Lichtjes in de boom

Lang geleden, when we were very young, werkte ik in een kliniek met een psycholoog, een aardige intelligente kerel, die op een voorzichtige manier geïnteresseerd was in alternatieve therapeutische benaderingen. Hij hoorde nergens bij, fanatisme was hem vreemd en hij had een prettig soort relativerende humor. Soms wanneer we het pand om 5 uur aan het eind van onze dienst verlieten, keerde hij zich bij de voordeur om en riep met luide stem, zodat het tot boven aan toe te horen was: ‘De genezing gaat nu naar huis.’ Dat was niet zomaar een grap, het was ook een erkenning van de beperktheid van de behandelaars. Zoiets was absoluut niet gebruikelijk in die kliniek, waar de psychiaters goden waren en de psychologen halfgoden.
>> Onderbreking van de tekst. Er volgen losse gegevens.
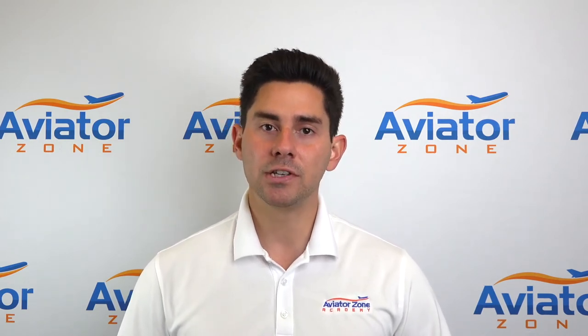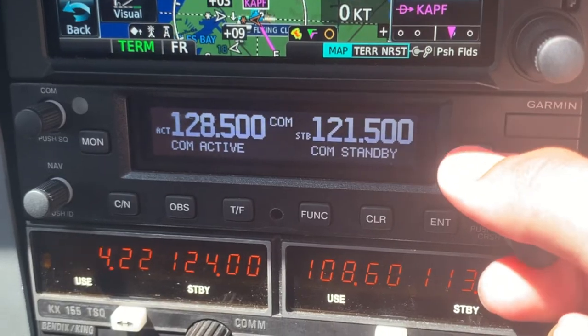ELTs work very simply. They have a G meter, and once that G meter is activated in an airplane, it sends off a frequency on 121.5, and now the new modern ELTs on 406 as well.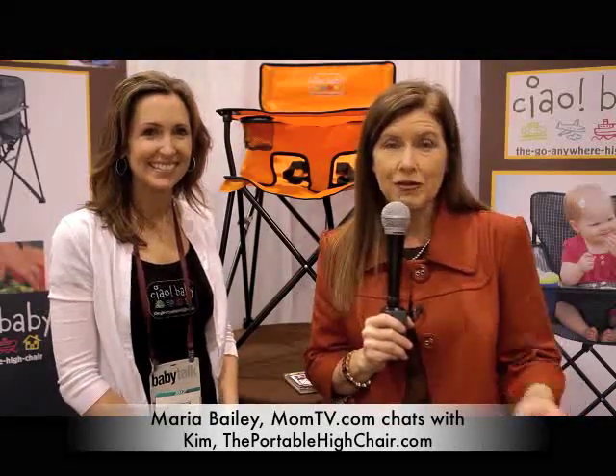Hi, I'm Maria Bailey of MomTV and I'm here at the ABC Expo finding new moms the best new products. I was on the plane looking through all the magazines at what was new and what I'd see here, and this was one of the very first booths I came to. I'm here in a booth with a product that is long overdue — an on-the-go high chair — and I'm here with Kim, one of the moms who invented the product.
We bleven soms napraten over boeken en over hetgeen er die dag was gebeurd. Gaandeweg ontwikkelde zich een onnadrukkelijke mentor-leerling verhouding. Ik vermoed dat hij mij op zijn behoedzame wijze wilde helpen mijn talenten meer effectief te benutten. We spraken over de patiënten en hoe hij vond dat ik met hen omging, over de timing van interventies, van confrontaties, over distantie zonder verlies van contact. Soms vertelde hij iets over zichzelf, over zijn opleiding, alles binnen de kaders van het vak.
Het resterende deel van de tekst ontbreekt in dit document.